Data-driven prediction of next-layer melt pool temperatures in laser powder bed fusion based on co-axial high-resolution Planck thermometry measurements

Abstract

Uncontrolled process variability, stemming from geometry, machine, or parameter variation, can lead to metallurgical defects such as keyhole porosity and lack of fusion as well as geometrical defects such as increased surface roughness or increased deformation in the produced parts. This lack of control is a pressing problem in laser powder bed fusion (L-PBF) processes. One way to reduce this variability is to use model-based predictive control. Process parameters such as laser power and scan speed can be adjusted during the process based on in-situ measurements of process conditions such as melt pool size or temperature.
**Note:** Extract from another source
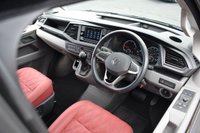 USED 2022 22 VOLKSWAGEN TRANSPORTER 2.0 T28 TDI P/V HIGHLINE 148 BHP ROCK & ROLL / FULL CONVERSION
In this paper, a predictive model that is an essential element in a larger predictive control ecosystem for L-PBF is developed and tested. The proposed machine learning-based regression model is trained using high-resolution co-axial melt pool temperature measurements from the previous layers. The machine learning model can predict the melt pool temperatures along the toolpath for the next layer assuming processing parameters remain the same. The paper describes the development of the machine learning-based prediction model and presents the guidelines for the design and selection of the features in feature vector. The estimation of the prediction performance based on real physical data is presented followed by suggestions of future work. The main limitation of the current approach is the relatively high computational cost. Some guidelines for implementation and possible improvements are given in the discussion of results.